Of course times change; times are constantly changing. We obviously don’t live now the way we did in 1890, in fact not really even the way we did in 1980.
Today we are almost in a post public library era. Virtually everyone has books at home, internet (either at home, school, or work), and we are generally well educated and literate.
We are a blessed generation. We live in an ‘information rich’ world accessible at the touch of a button, but this should not make us look at public libraries as archaic or irrelevant just because ‘we’ do not use them nor understand them.
No public library is just about books – not to devalue that critical lending service – and no public library is just about being told ‘shush’ (quite important though in study areas).
They are dynamic, social places inhabited by various user groups utilising many different types of media. For many they are the only places to meet the like-minded, or to find materials to read, or to study.
But none of this should imply that things are perfect. Under-investment, under-funding, have impeded development over many decades.

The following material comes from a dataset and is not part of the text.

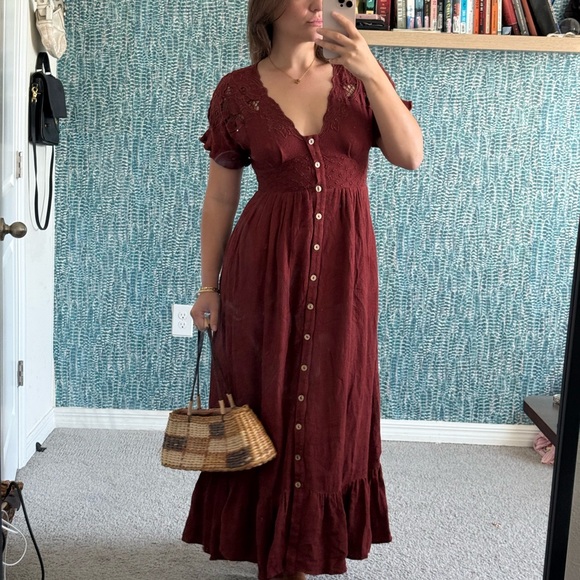 Free People Colette Maxi dress in cinnamon size small - Picture 5 of 5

The present Age of Austerity does not help, but it is the real world in which we have to live.
Community is about all of us. Public services are about all of us.
But for these to work we need to engage. We need to put the far too often destructive forces of politics to one side and co-operate, making our reasoned and unselfish voices heard, to produce something worthwhile.
Streatham Tate can be such a place. Restoring its original grandeur, re-fitting the library, opening up spaces for community and enterprise use are all achievable if we think and work creatively.
Streatham has often been maligned, but is now building in confidence.
It deserves a centre that can serve and inspire.